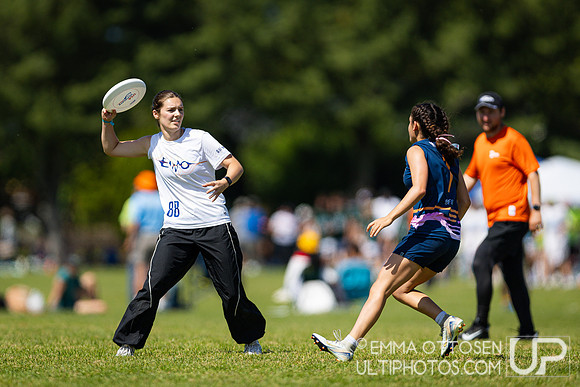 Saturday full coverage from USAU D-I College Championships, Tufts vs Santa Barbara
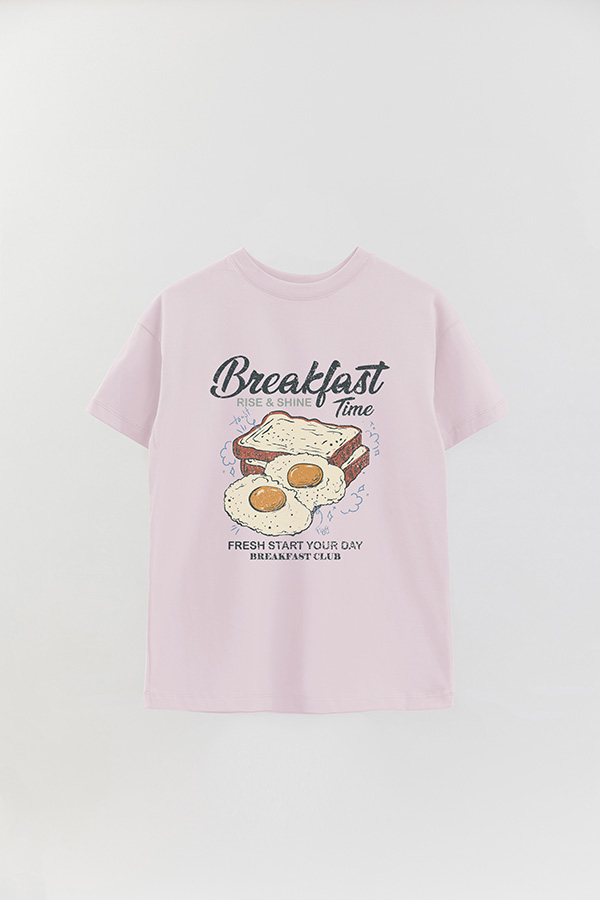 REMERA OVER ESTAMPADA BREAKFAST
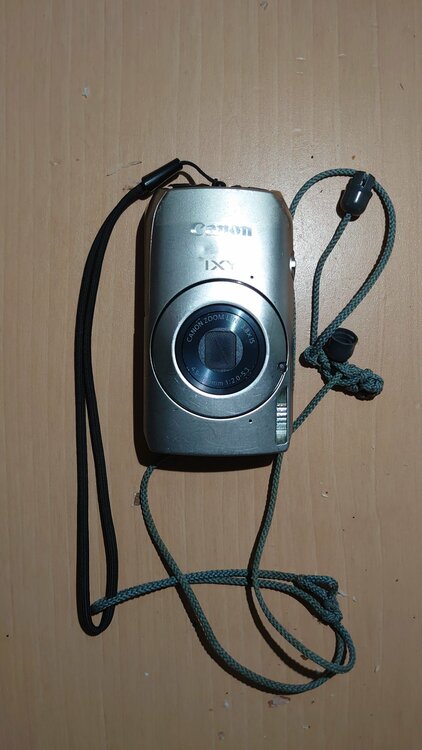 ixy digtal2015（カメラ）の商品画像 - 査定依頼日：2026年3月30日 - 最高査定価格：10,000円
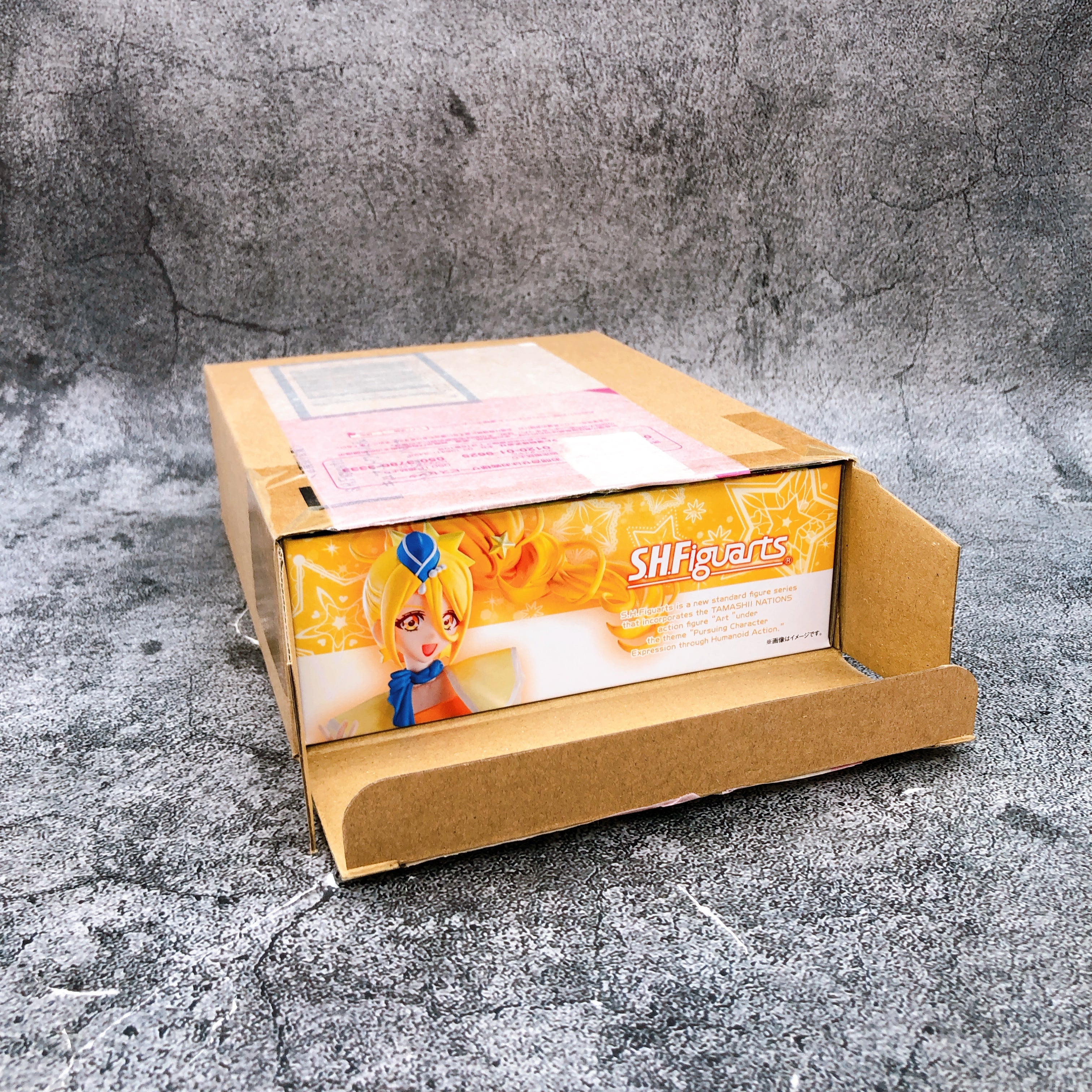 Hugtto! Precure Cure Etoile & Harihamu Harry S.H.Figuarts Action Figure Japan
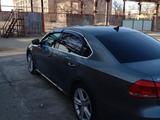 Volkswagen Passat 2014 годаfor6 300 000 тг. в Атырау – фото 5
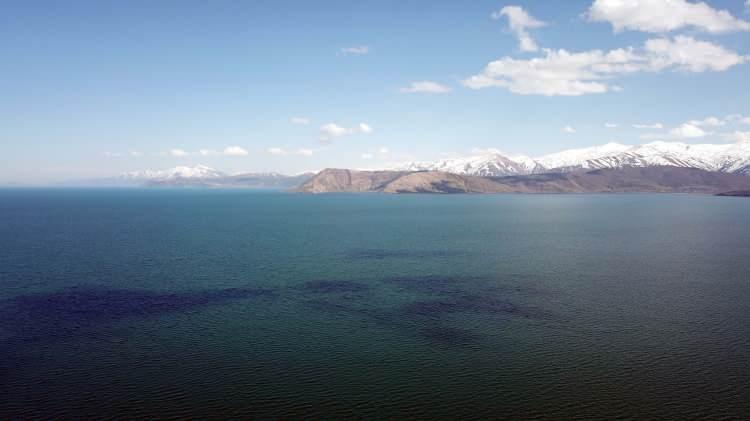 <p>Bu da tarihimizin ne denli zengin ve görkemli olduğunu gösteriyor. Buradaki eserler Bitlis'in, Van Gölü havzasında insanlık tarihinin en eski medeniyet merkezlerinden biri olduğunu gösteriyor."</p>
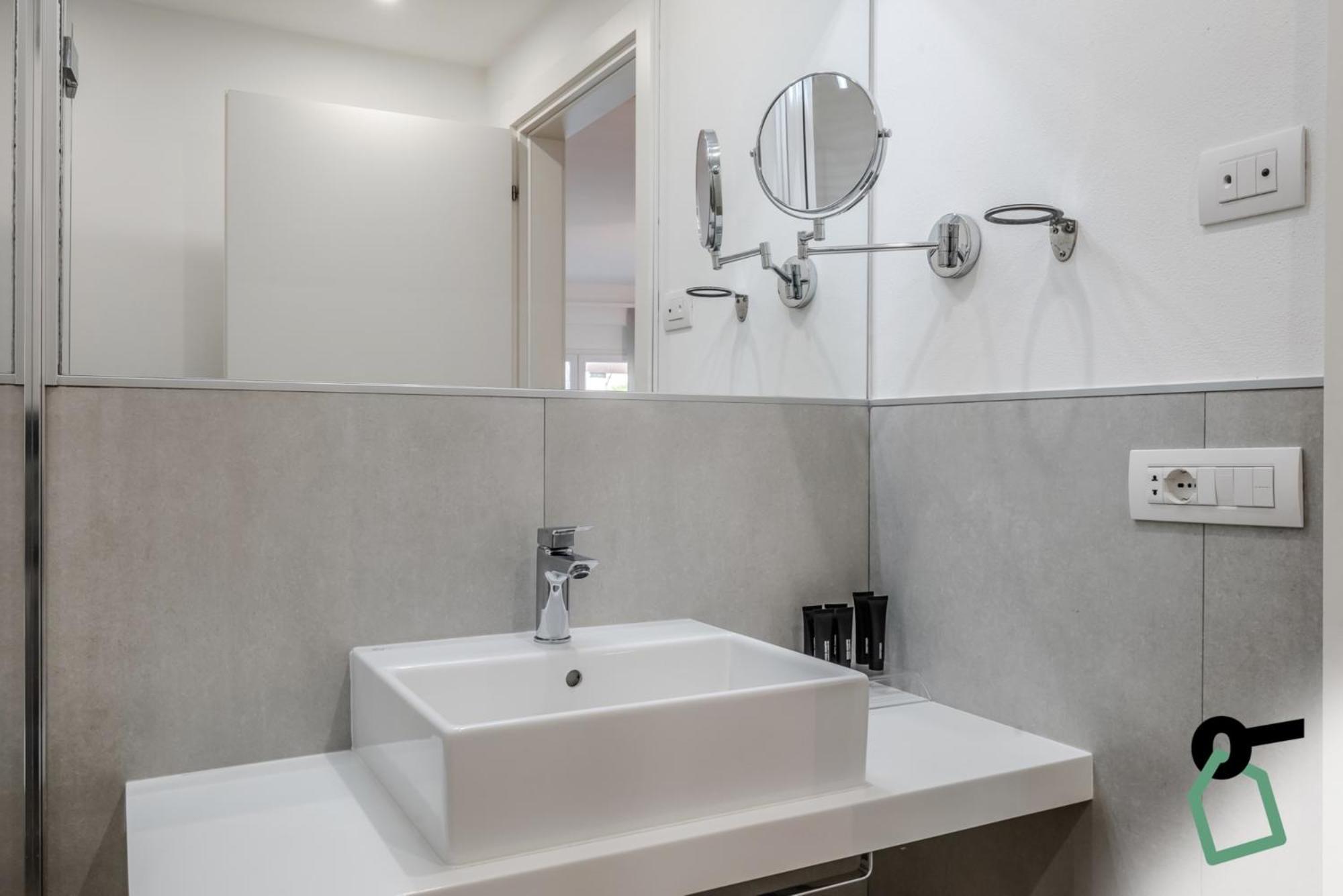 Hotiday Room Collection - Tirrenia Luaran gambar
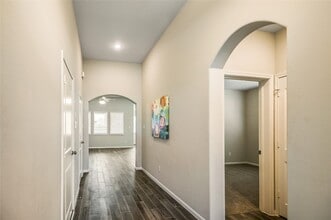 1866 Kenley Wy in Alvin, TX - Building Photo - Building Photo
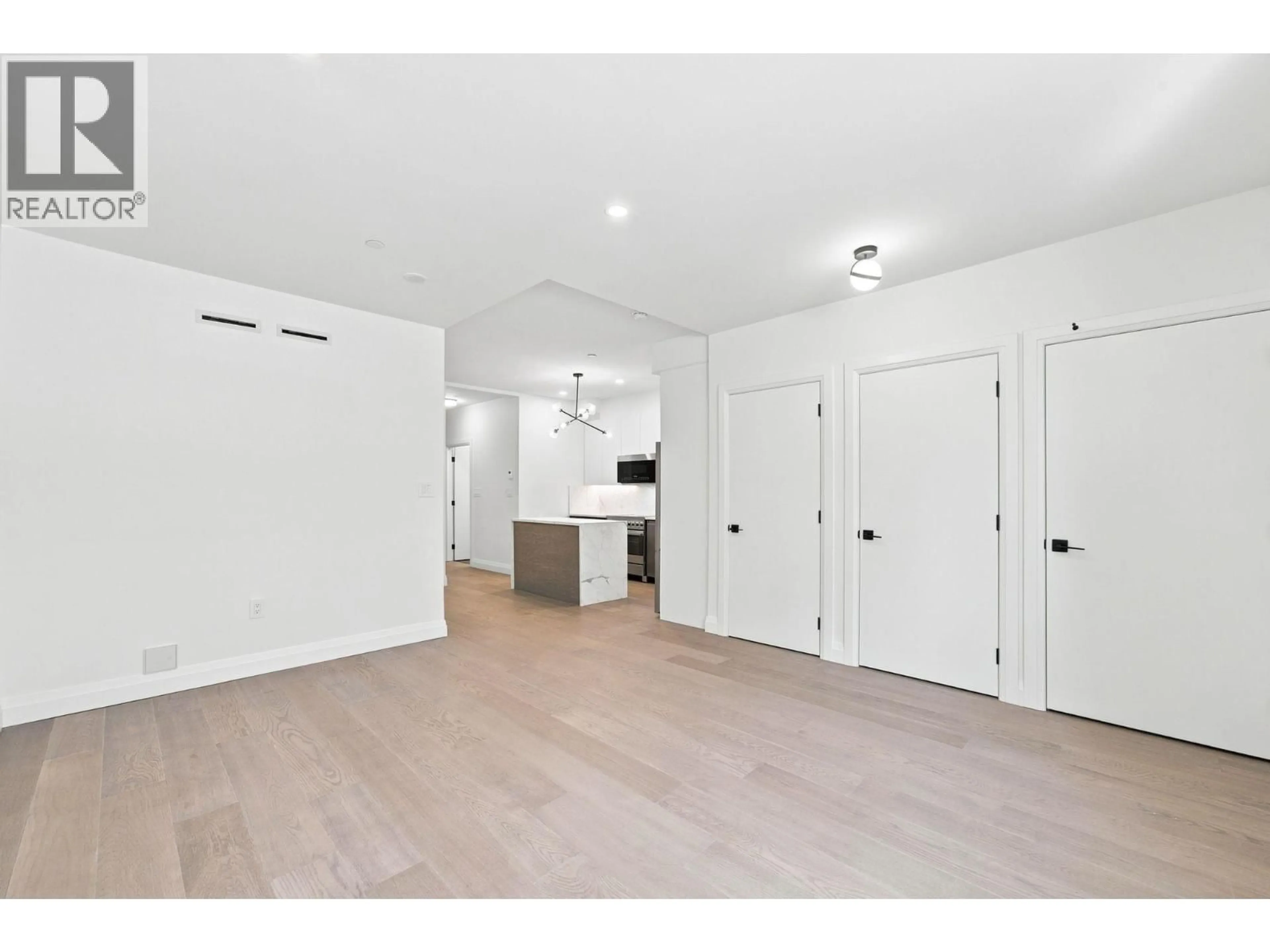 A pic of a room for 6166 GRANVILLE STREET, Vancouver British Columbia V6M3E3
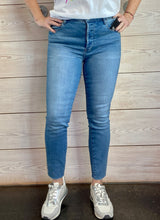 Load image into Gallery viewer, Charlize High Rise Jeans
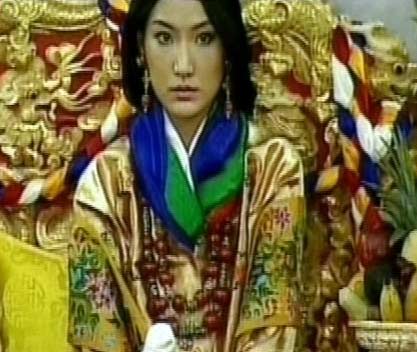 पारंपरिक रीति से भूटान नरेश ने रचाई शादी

Exercise description
What the answer must hold is the exact text of every line from the one containing "Hotiday Room Collection" through the end of the data, minus any pictures.

Solution
 Hotiday Room Collection - Tirrenia Luaran gambar
 1866 Kenley Wy in Alvin, TX - Building Photo - Building Photo
 A pic of a room for 6166 GRANVILLE STREET, Vancouver British Columbia V6M3E3
 Load image into Gallery viewer, Charlize High Rise Jeans
 पारंपरिक रीति से भूटान नरेश ने रचाई शादी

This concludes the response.